■ **ABOUT THIS TASK**: All of the data that follows should be retyped exactly, please, except the pictures.
── SUPPLIED MATERIAL
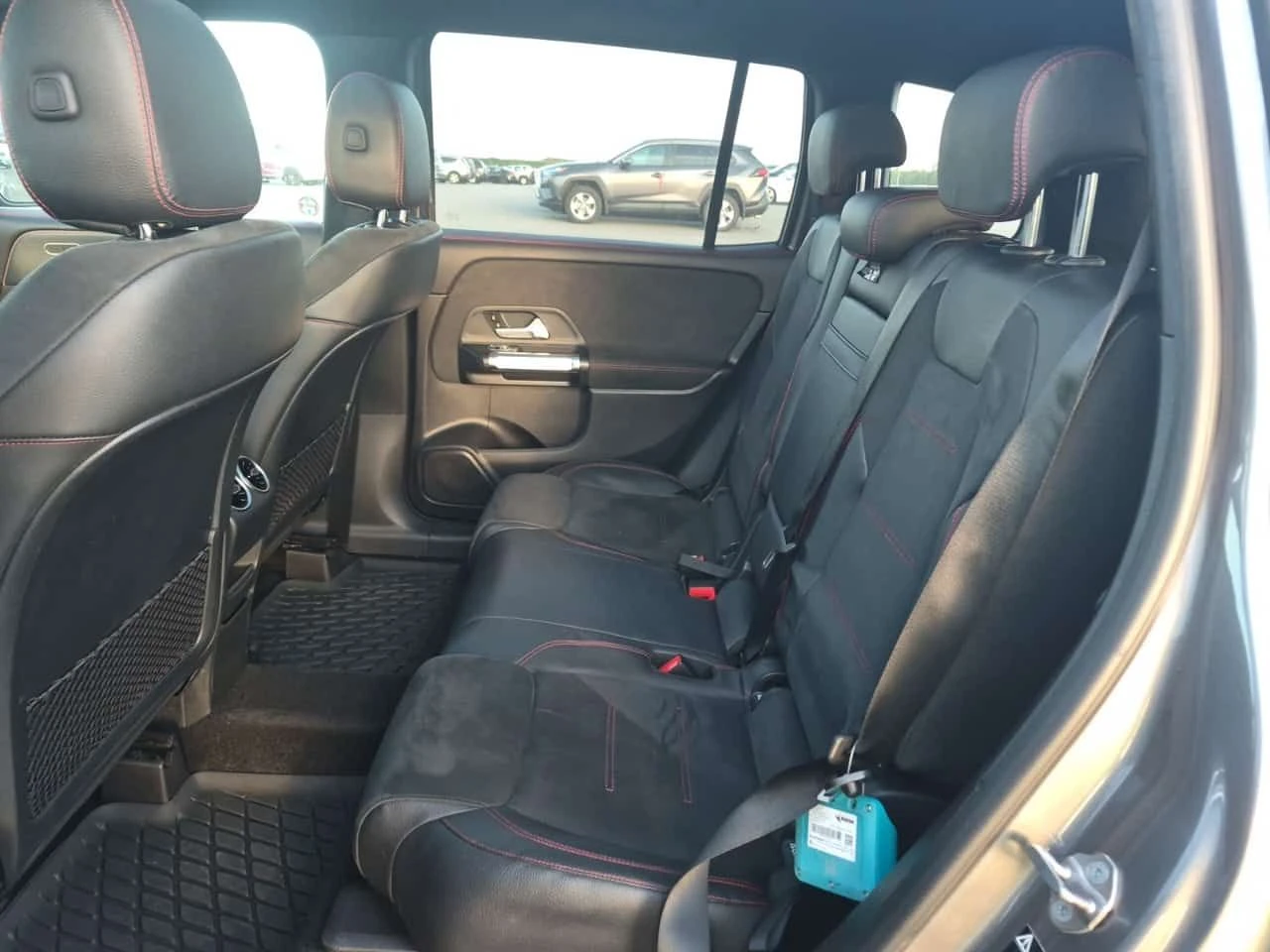 Mercedes-Benz GLB 250 ALCANTARA| PANO| 360| 2 КЛЮЧА| , снимка 8 - Автомобили и джипове - 55374571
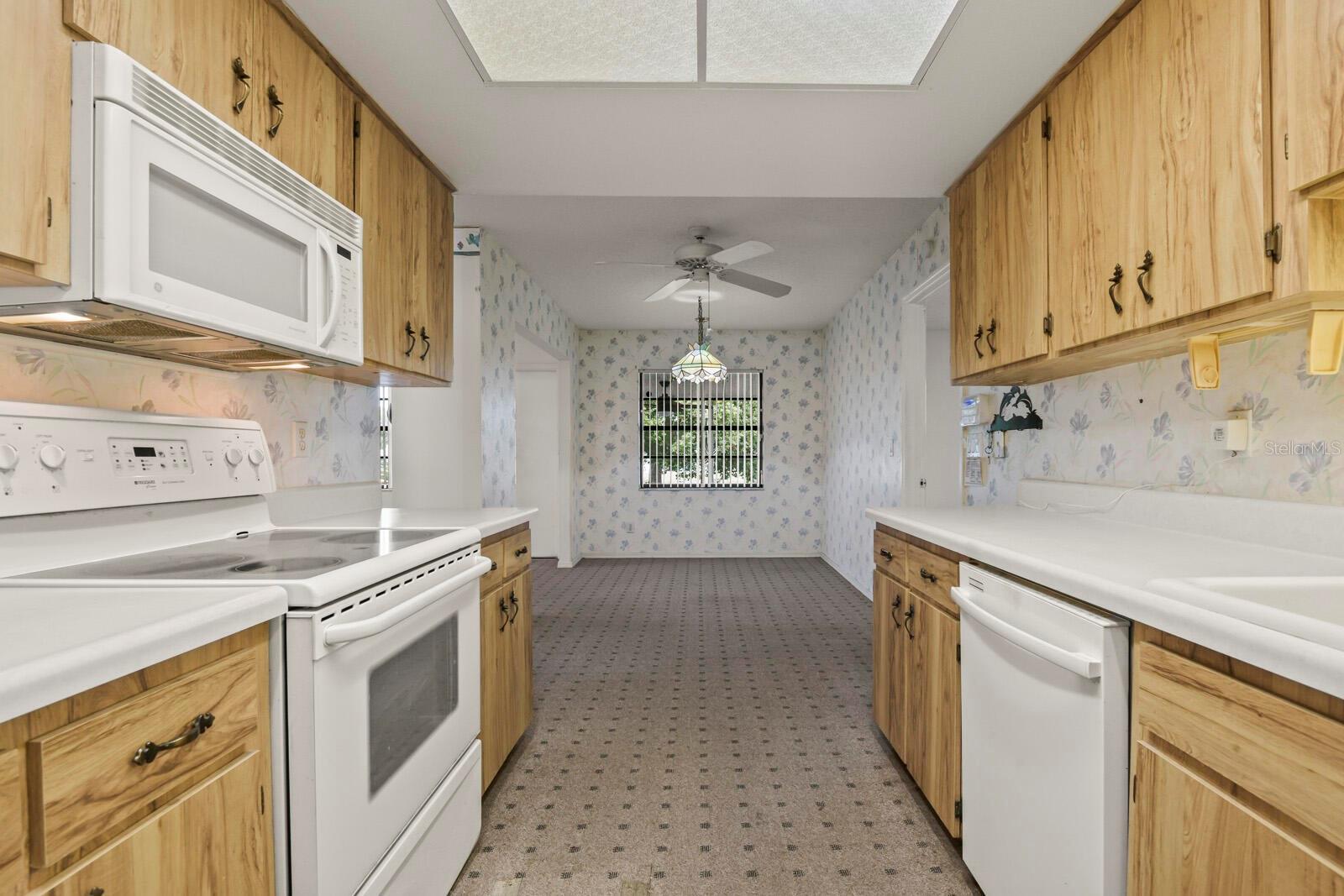 914 SUN KEY CT, SUN CITY CENTER, FL, 33573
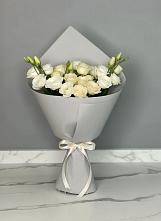 Букет цветов из:  Розы и Лизиантусы в Рамешках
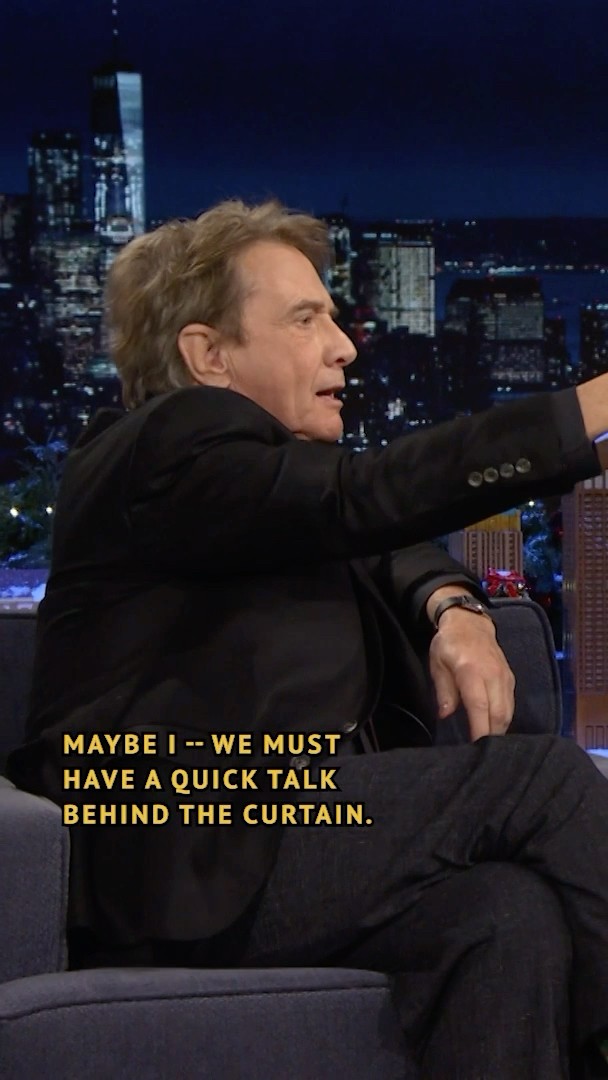 #MartinShort and #JimmyFallon hash some things out during their “chat” behind the curtain ?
────
■ **ANSWER BOX**:
 Mercedes-Benz GLB 250 ALCANTARA| PANO| 360| 2 КЛЮЧА| , снимка 8 - Автомобили и джипове - 55374571
 914 SUN KEY CT, SUN CITY CENTER, FL, 33573
 Букет цветов из:  Розы и Лизиантусы в Рамешках
 #MartinShort and #JimmyFallon hash some things out during their “chat” behind the curtain ?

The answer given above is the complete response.